そして二つ目の理由は朝廷の武装集団への意識の変遷と財政の好転に起因するというのが現在の定説だ。前に少し話したように、平安貴族は戦争を「穢れ」として忌み嫌っていた。と言っても人間が存在すれば争いが起こるのは必然だ。だから代替役としての武士団の伸長があったのだけれども、源高明による西征以後、主に当時の若手貴族を中心としてその意識が変わり始める。政治闘争に明け暮れているばかりでは第二第三の平将門・藤原純友を生み出すだけではないか...とね」


そのため、彼らは武士団を自らの影響圏内に取り込みはじめる。兵部省管轄の徴兵とは別に武力の専門家集団を確保して自身の身を守ると共に反乱が起きた時にいち早く対処して自身の権益を守ろうとした訳だ。目的は個人的なものではあったが、これは貴族社会に軍事への理解をもたらし、結果として早期の軍事力整備につながったと言われている」


そして財政だ。こちらも高明が手を加えてから僅かではあるが好調になりつつあった。蓄えが増えたことで迅速な物資の供給が可能となり、軍船の建造や兵器調達を後押ししたと言われている。源融の子孫で、瀬戸内に影響力を有していた嵯峨源氏流渡辺氏を配下に収めたのもあるだろうね」


ちなみにこの軍事力の整備の裏には高明の三男である源俊賢の支援が存在していたとされている。藤原兼家派であった満仲の孫ながら敵対派閥と言っても差し支えない彼と交渉が出来ていたことから政治的取引が上手であったことが伺えるね」


このような理由から、極めて短い期間でありながら彼を棟梁とした多田源氏一族はその質を大きく向上させた。資金源がどこにあったのか、支援をどのように引き出したかは正確にはわかっていないが、少なくとも海上における機動力の確保と共に火力も両立出来ていたのは間違いない」


「そしていよいよ船団が襲来する。50隻3000人前後と極めて大規模な兵力が対馬に殺到したが、被害は頼義の活躍で想定よりも軽微なものとなったわけだ。」

































-寛仁3年(1019年) 3月27日夕刻 対馬沖-


 多少遅れてしまったが、本格的な略奪が始まる前に到着出来てよかった。“史実”と違って朝廷の理解があったおかげだな。死者を三桁単位で出したと言われる刀伊の入寇だが、これまで私が培ってきた船舶建造力、軍事技術力に加えて転生してもなお連綿と続く諜報組織の伝手を頼って情報収集を行っておいたことによって極めて迅速な対応が出来た。水平線の向こうから現れる船団を発見できたのは数日前に大宰府に到着したおかげだな。敵船発見を知らせる、対馬の金田城で上げた煙は壱岐まで見える。そして壱岐で上げた煙は大宰府でも見える。晴れた日限定ではあるが、基本そのような日にしか襲来しないであろう敵を屠るのであれば十分だった。この時代で可能な最高レベルの早期警戒システムと言えよう。

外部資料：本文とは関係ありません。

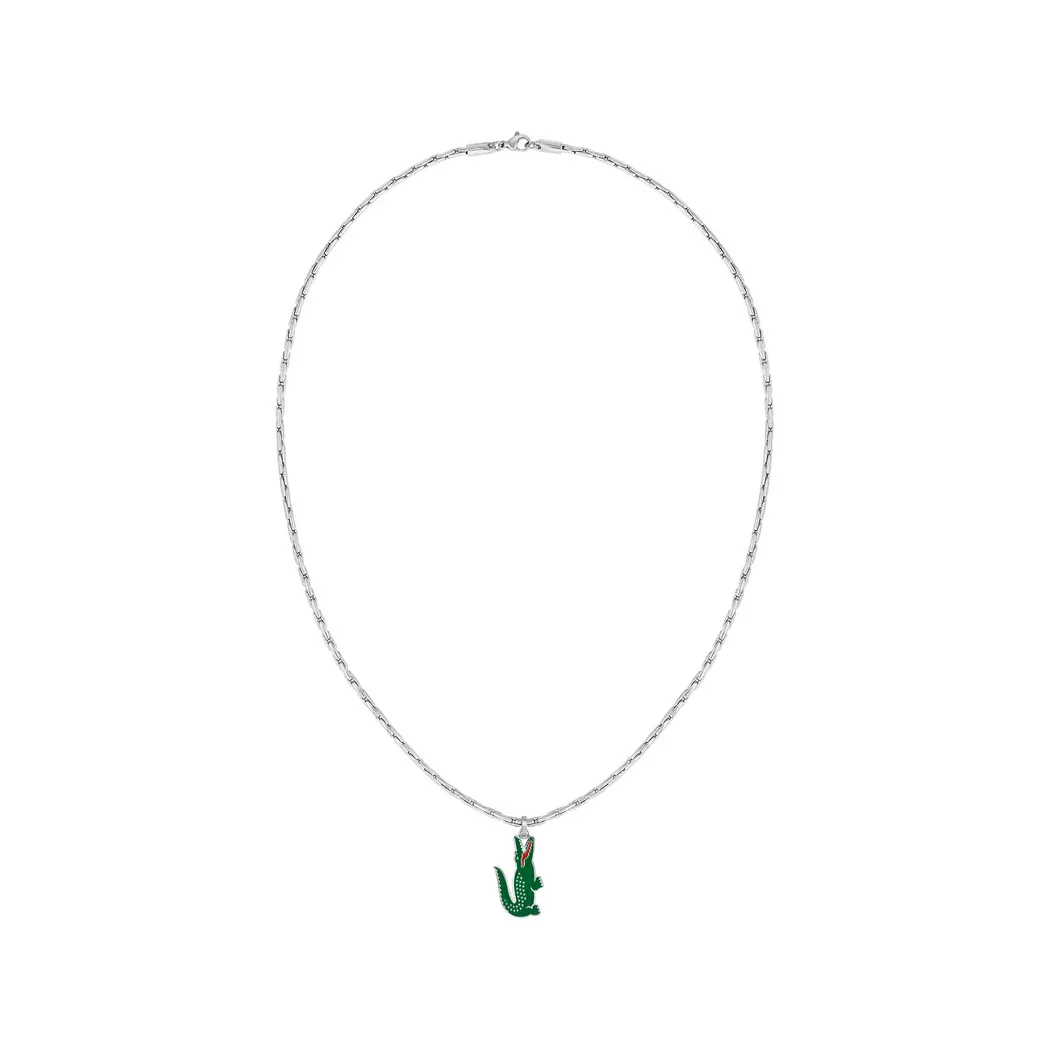 Kette mit Anhänger LACOSTE "ARTHOR", grün (edelstahlfarben, grün), Halsketten, Herren, Edelstahl, L: 56, mit Emaille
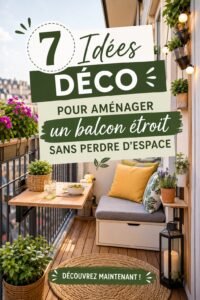 Balcon décoré avec des meubles compacts et des plantes, optimisé pour un espace étroit.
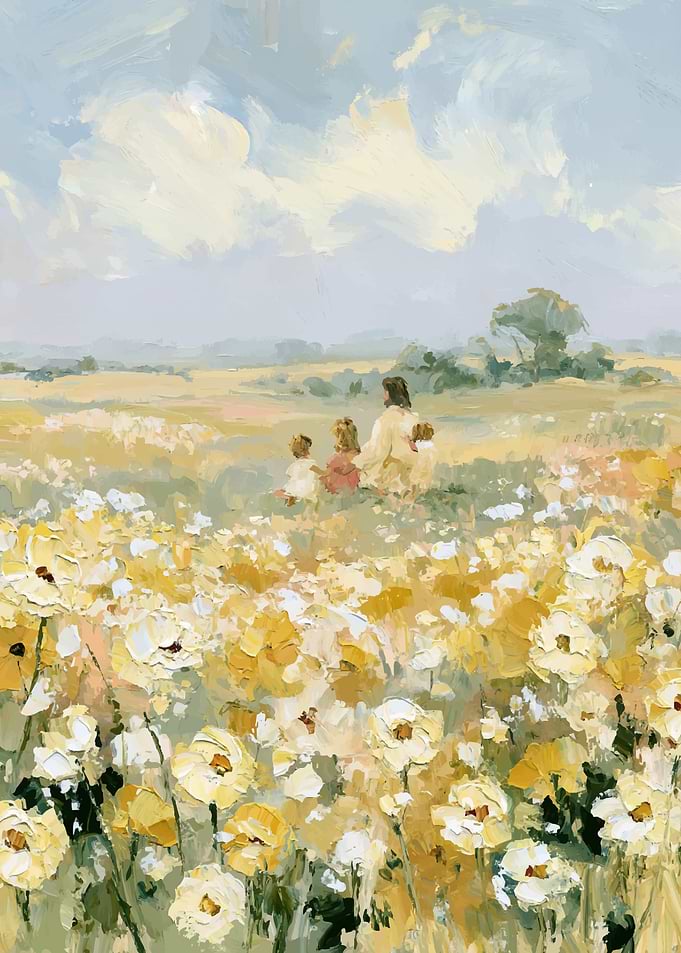 Jesus Walking with Children in Field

 船を操るというのは当然の事ながら非常に難しい。風を読み、潮を読み、ましてや軍船であるから戦況すら読まねばならない。そのような卓越したセンスを持つ人間はそう多くはなく、故にここまで武士団を訓練するのには正直かなり苦労した。が、きっちりと研鑽を積んだ今現在であれば...海軍としての質は確実にこの時代の世界最高水準に達していると断言出来る。火薬兵器を実用化した高速船団なぞ、この時代ではどこの国にも存在していないだろうからな。

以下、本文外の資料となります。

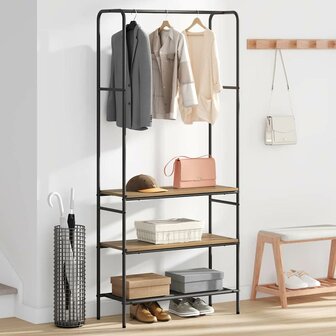 Kledingrek met planken artisanaal eikenkleurig 77 x 30 x 171 cm 4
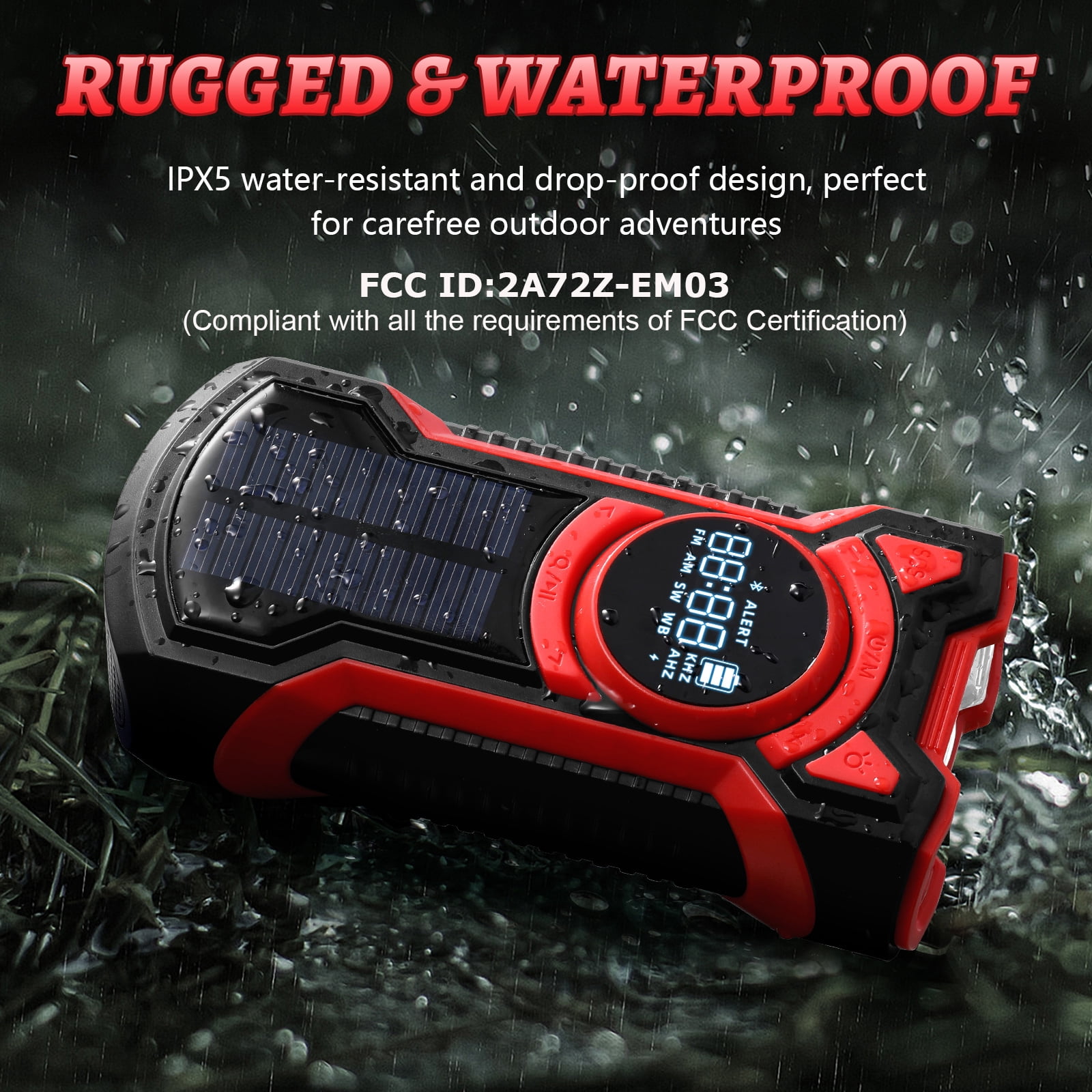 GEAK NOAA Weather Radio Solar Hand Crank Emergency Radio with Power Bank/SOS Alarm/Bluetooth Speaker/Flashlight for Home & Outdoor Hiking Camping Emergencies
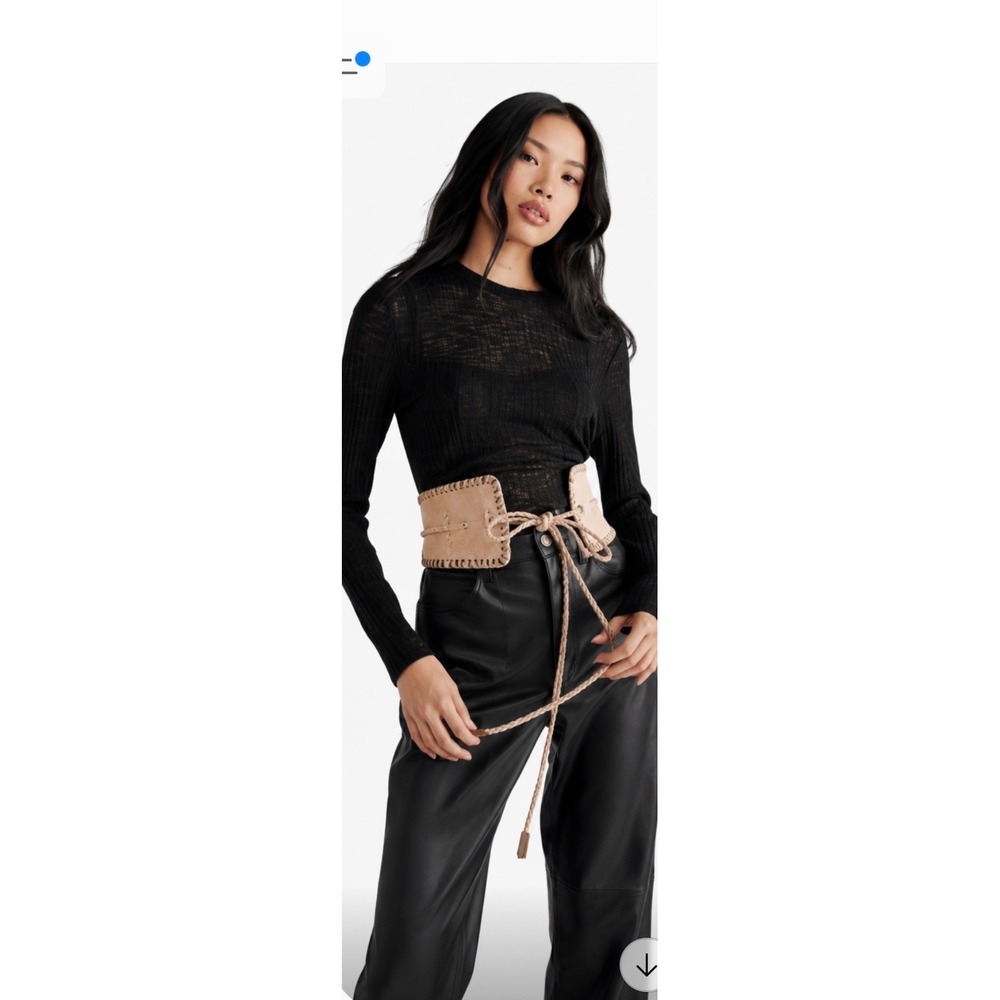 Free People Selena Tan Leather Whipstitch Corset Waist Belt Braided Tie Small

 岩礁の影から滑るように進んだ、私の座乗する旗艦を含む先頭の5隻が、単縦陣で船腹を女真の船が並ぶ浜辺に向けた。隠匿を第一に考えた結果、気づかれることなくかなり近い所まで接近できた。既に火車の射程内だ。各船の船尾に立つ信号手...信号使しるしのつかいと名付けた...が両手の旗を振り上げる。射手らが自身の配置にそれぞれ着き、それを確認した彼らは左手の白旗を島へ向け、右手の赤旗を体の前でぐるぐると回す...事前に取り決めた信号のひとつ、「照準合ワセ」だ。レールの先が一斉に島を指向し、最適と思われる角度と方角に設定される。火車の用意が揃った船から順次、鏑矢が放たれた。ぴょうと音が鳴り、矢が放たれたことを確認した信号手は右手をぴたりと頭上で止めて、一気に振り下ろした。「火付ケ用意、放テ」...いよいよだ。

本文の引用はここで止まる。